County Commissioners hear concerns, talk insurance
Two area residents voiced concerns about the incoming wind farm projects at Tuesday's meeting of the Wayne County Commissioners.
Troy McCormick of Hoskins, grabbed everyone's attention as he told the board he was looking to put a nuclear waste dump on his property. After a good laugh, he went on to explain his real reason for coming before the board, and that was to discuss the construction of wind farms in Wayne County.
He cited numerous sources and studies when discussing the ill effects of the farms, with everything from infra-sound that is detrimental to livestock to the difficulty of flying and landing aircraft for emergencies near a wind farm. Health concerns and property depreciation were also topics he touched on.
A second Wayne County resident brought forth more concerns with the wind turbines, complete with his own experience with a windmill he wanted to buy to power an irrigation pivot on his ground.
Everything from costs and subsidies to the physics and environmental effects on wind patterns and the water cycle was brought up.
In both instances the board of commissioners explained how without zoning, the hands of the board members are nearly completely tied.

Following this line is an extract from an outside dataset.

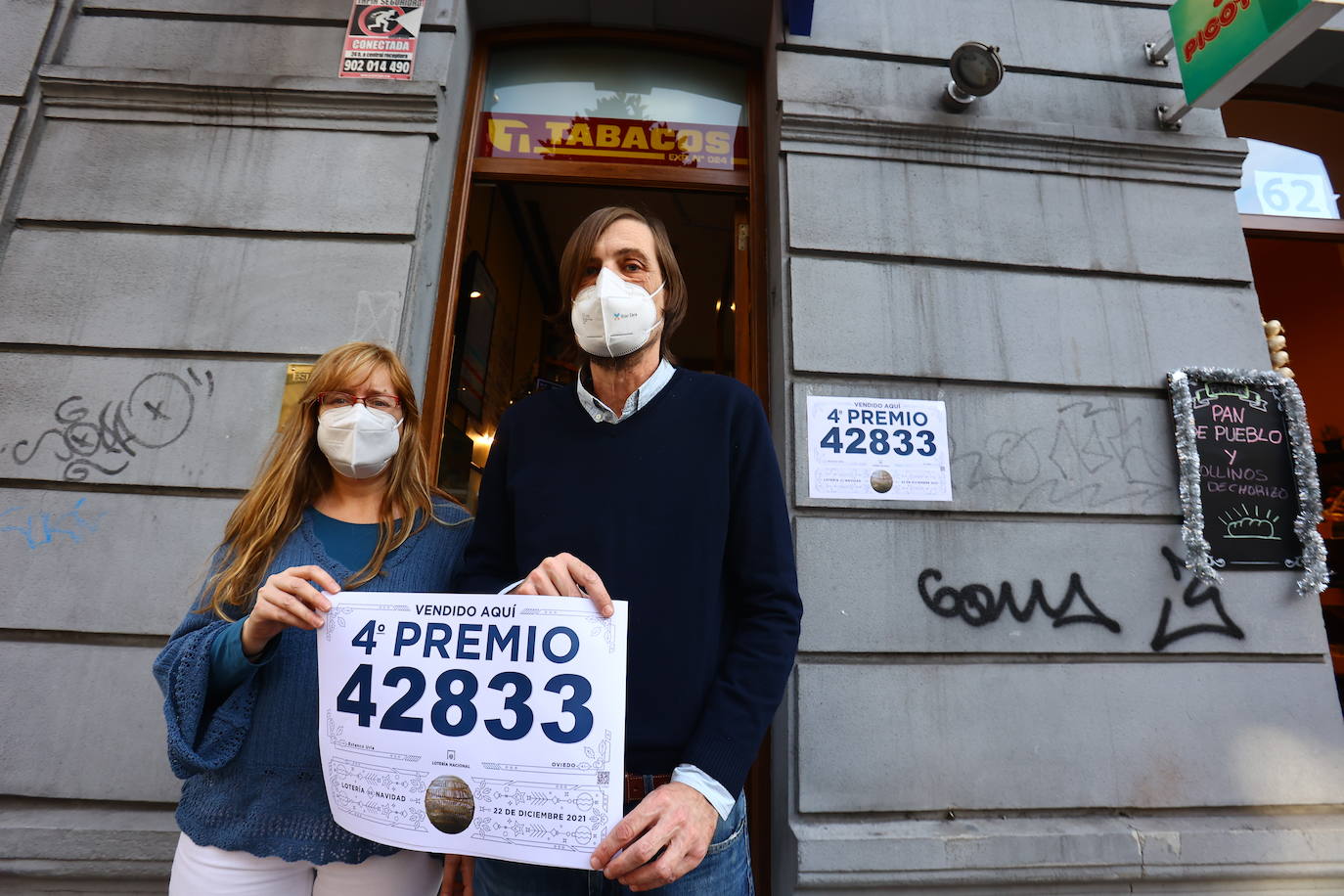 El 42833, primer cuarto premio (20.000 euros al décimo) ha tocado en El Espinar, Comillas, Sevilla, Elche, Benidorm, Manises, Llanes, Santander, Bilbao, Llodio, El Campello, Aguadulce, Candas, Oviedo, Gijón y Ávila.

Road haul agreements are going out to each of the prospective companies detailing what the load limits and drive way setbacks are. Trenched wire depth requirements and decommissioning procedures are also outlined.
The board agreed a town hall meeting of some sort will be set up for all sides to voice concerns in the near future. They will also be meeting with a zoning official to see what steps would need to be taken if they decide to put zoning in place.
In conjunction with the wind farms, Highway Superintendent Mark Casey discussed a meeting between Holt County and the commissioners regarding how they handled them.
In other news, the commissioners heard an insurance pitch from United Health Care, the company currently used.
Currently, Wayne County is one of 13 counties in Nebraska who cover 100 percent of the employees' insurance but due to budget trimming, that may not be an option any longer.
There were several options presented to the board with varying coverage, deductible amounts and employee costs. To allow for additional presentations, the board recessed the meeting Tuesday and continued Wednesday morning.. They will have several months to discuss as renewal isn't until September.
The next meeting of the commissioners will take place on Wednesday July 5, adjusted for the holiday.
Prior to the meeting, high school art teacher Amy Jackson and commissioner Randy Larson met in the courthouse lobby to present new artwork that is now hung above the 48-state flag. The process started a year ago when a Holt County resident visited the board and told them about her goal to get the phrase "In God We Trust" back into the courthouses across the state.
After giving it some thought and discussing how to go about it, the decision to commission Jackson to design a piece that fit inside a shadow box built by Larson was reached. The colors used in the art piece match those of fringe edging the 48-state flag below it. Larson matched the shadow box to the one the flag hangs in.
"She did a tremendous job," Larson said of the artwork. "The colors make it look like they go together. It looks like it belongs there."